++++ Record set ++++
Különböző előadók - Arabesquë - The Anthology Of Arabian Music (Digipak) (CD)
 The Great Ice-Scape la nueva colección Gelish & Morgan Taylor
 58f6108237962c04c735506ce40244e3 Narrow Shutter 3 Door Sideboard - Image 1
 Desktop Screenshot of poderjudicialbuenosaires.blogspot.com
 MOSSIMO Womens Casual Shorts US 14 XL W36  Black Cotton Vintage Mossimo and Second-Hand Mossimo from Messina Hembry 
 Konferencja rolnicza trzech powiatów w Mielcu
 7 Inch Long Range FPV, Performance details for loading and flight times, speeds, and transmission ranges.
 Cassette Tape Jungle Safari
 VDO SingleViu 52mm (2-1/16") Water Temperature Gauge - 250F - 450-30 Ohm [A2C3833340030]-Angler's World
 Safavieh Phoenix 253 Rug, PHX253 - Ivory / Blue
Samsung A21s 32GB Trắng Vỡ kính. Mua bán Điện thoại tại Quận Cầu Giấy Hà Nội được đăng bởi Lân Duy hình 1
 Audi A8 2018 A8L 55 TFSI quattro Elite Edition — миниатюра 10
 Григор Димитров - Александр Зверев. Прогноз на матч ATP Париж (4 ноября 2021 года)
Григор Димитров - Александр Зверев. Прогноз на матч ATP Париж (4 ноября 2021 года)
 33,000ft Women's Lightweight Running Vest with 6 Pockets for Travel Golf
++++
What the task asks: Filter the records for lines holding the string "матч". Copy each one.

Result of the exercise:
 Григор Димитров - Александр Зверев. Прогноз на матч ATP Париж (4 ноября 2021 года)
Григор Димитров - Александр Зверев. Прогноз на матч ATP Париж (4 ноября 2021 года)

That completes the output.